The answer should hold only the lines from the one containing "161018: Somali Cat, wearing" through the one containing "Crepe Myrtle Zuni (Lagerstroemia)" in the entries below, copied exactly, without pictures.

___ DATA FOR THE TASK

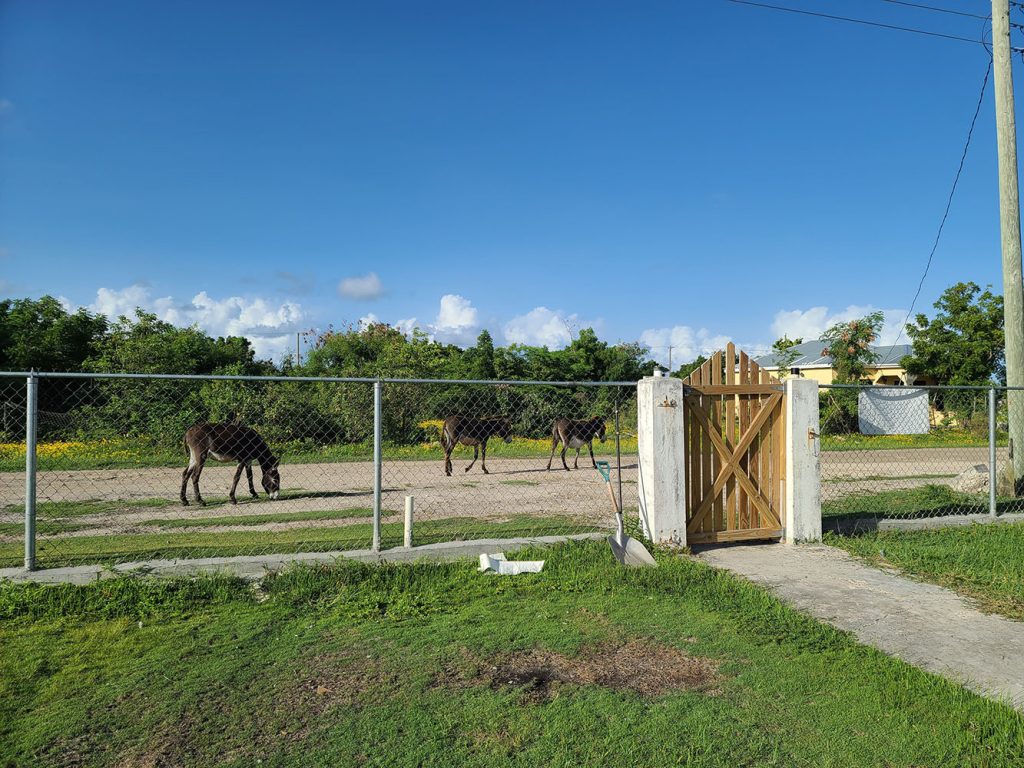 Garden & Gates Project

______
___ DATA FOR THE TASK

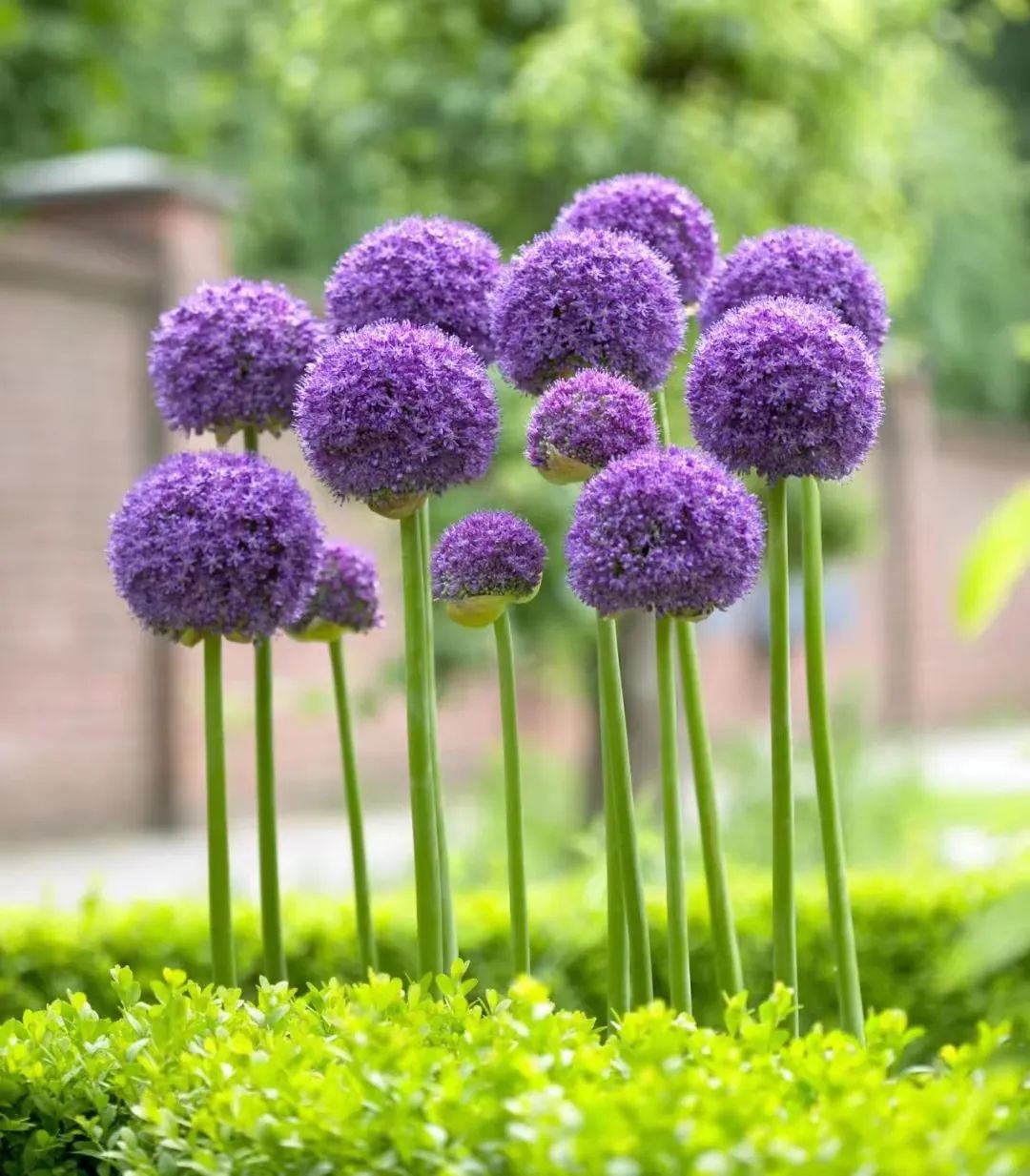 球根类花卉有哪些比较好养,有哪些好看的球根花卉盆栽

______
___ DATA FOR THE TASK

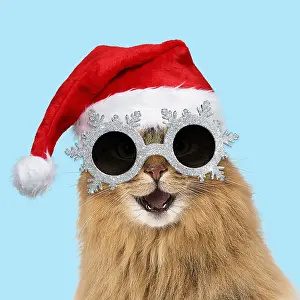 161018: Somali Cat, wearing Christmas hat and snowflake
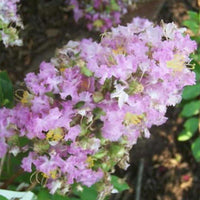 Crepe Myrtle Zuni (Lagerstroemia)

______

WRITTEN RESPONSE =>
 161018: Somali Cat, wearing Christmas hat and snowflake
 Crepe Myrtle Zuni (Lagerstroemia)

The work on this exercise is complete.